Required action: Using the listing below, print exactly everything from the line with "Brown and german" down to the line with "Schouder Epaulet Wrap", both included, and nothing more.

^^^^

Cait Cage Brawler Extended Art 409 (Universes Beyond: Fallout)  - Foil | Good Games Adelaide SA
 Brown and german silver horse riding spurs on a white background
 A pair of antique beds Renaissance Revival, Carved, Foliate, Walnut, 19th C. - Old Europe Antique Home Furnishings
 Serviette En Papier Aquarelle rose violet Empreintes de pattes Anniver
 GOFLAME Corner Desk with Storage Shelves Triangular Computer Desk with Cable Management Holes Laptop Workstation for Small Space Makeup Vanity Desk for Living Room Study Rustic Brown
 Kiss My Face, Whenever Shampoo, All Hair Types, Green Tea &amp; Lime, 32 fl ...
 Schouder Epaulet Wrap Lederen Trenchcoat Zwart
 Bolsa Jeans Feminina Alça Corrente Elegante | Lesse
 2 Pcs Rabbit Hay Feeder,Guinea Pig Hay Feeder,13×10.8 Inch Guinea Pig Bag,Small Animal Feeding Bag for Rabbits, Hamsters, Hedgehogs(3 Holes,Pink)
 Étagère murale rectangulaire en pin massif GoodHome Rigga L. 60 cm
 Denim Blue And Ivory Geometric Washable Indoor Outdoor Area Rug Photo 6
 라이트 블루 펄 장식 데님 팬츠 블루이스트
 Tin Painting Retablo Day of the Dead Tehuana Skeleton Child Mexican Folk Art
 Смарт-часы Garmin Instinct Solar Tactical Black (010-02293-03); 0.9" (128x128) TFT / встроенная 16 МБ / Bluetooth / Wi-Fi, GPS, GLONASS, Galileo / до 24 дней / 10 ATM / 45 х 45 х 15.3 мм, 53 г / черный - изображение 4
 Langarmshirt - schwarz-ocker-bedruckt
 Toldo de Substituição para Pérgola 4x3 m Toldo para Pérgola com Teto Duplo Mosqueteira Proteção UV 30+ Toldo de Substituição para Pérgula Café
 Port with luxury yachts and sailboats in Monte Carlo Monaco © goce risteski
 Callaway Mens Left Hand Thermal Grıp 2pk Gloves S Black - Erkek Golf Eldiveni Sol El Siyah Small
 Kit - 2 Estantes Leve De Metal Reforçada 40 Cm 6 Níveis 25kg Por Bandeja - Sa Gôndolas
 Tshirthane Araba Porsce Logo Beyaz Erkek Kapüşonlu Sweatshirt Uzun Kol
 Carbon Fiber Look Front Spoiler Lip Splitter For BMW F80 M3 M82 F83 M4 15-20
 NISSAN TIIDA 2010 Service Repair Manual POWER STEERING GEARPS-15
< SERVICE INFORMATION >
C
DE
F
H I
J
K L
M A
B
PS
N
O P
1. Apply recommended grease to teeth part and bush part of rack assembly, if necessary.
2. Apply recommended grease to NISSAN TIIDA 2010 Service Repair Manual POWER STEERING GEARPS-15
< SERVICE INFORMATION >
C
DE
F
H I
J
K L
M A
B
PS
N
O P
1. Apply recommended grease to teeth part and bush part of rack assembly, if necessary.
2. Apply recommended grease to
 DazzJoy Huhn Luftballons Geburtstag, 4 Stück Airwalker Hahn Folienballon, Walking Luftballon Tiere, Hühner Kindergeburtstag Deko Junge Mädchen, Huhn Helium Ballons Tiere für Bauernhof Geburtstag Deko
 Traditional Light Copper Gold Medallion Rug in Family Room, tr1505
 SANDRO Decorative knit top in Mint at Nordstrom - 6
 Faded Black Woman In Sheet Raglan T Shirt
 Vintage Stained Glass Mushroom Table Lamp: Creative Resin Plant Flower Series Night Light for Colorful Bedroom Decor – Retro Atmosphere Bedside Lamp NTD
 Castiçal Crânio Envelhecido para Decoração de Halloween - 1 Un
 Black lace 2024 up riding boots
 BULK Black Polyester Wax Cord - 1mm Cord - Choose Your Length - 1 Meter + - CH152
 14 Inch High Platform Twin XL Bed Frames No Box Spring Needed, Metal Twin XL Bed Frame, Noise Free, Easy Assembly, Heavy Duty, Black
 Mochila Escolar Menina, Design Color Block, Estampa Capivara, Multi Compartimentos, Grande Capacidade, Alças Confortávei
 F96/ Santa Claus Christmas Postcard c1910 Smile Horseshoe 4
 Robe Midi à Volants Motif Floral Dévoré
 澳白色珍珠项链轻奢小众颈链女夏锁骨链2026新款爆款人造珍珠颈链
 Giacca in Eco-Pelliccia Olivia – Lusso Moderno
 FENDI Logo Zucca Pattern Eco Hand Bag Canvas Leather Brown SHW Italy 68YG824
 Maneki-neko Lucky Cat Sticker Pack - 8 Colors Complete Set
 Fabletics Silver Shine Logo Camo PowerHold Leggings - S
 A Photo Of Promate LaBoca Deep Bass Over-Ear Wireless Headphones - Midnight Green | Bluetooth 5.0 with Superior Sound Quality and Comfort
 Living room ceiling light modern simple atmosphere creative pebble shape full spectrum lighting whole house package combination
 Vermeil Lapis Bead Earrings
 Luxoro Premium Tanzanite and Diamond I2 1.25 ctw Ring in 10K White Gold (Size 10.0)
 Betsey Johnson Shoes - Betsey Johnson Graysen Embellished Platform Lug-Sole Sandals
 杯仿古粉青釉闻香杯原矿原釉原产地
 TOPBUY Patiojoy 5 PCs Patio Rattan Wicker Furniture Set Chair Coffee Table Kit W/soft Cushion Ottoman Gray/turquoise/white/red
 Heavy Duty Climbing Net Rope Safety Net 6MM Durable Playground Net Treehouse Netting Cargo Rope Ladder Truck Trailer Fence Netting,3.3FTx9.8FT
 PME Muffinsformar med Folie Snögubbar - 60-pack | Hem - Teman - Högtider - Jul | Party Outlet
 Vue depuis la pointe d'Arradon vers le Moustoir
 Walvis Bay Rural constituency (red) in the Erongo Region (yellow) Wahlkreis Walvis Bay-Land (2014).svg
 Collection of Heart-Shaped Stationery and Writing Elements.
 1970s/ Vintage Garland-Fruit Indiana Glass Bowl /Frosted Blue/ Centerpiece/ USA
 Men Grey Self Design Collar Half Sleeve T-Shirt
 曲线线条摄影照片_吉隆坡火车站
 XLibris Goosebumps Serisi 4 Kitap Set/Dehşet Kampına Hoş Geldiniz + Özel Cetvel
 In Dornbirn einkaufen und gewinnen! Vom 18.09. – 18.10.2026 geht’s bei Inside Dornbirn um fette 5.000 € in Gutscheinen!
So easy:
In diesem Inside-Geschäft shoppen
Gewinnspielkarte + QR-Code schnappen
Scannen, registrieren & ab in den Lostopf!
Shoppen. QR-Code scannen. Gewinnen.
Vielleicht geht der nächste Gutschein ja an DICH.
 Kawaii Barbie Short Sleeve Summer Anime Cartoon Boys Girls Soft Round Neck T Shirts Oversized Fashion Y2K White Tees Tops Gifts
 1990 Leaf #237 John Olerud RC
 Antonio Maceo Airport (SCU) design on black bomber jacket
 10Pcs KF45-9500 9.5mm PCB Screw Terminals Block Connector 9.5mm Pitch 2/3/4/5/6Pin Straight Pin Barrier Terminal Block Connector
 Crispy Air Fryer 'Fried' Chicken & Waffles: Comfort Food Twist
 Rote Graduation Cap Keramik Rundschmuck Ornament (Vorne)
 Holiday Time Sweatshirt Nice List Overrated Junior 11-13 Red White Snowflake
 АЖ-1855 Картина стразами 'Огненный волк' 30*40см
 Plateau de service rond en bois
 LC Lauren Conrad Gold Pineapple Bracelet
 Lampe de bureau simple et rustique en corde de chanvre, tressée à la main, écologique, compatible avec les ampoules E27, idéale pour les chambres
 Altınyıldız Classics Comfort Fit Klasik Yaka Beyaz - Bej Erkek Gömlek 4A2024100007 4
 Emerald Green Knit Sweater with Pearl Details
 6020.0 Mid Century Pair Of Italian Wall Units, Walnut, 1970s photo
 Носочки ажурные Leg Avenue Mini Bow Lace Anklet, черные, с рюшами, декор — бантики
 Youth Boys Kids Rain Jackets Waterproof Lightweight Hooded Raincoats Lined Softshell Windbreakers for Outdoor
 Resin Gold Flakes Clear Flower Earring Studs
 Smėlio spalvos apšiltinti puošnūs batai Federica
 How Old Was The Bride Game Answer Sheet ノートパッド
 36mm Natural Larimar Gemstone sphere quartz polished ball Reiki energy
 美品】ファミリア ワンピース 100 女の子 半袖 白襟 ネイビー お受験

^^^^

Exercise output:
 Brown and german silver horse riding spurs on a white background
 A pair of antique beds Renaissance Revival, Carved, Foliate, Walnut, 19th C. - Old Europe Antique Home Furnishings
 Serviette En Papier Aquarelle rose violet Empreintes de pattes Anniver
 GOFLAME Corner Desk with Storage Shelves Triangular Computer Desk with Cable Management Holes Laptop Workstation for Small Space Makeup Vanity Desk for Living Room Study Rustic Brown
 Kiss My Face, Whenever Shampoo, All Hair Types, Green Tea &amp; Lime, 32 fl ...
 Schouder Epaulet Wrap Lederen Trenchcoat Zwart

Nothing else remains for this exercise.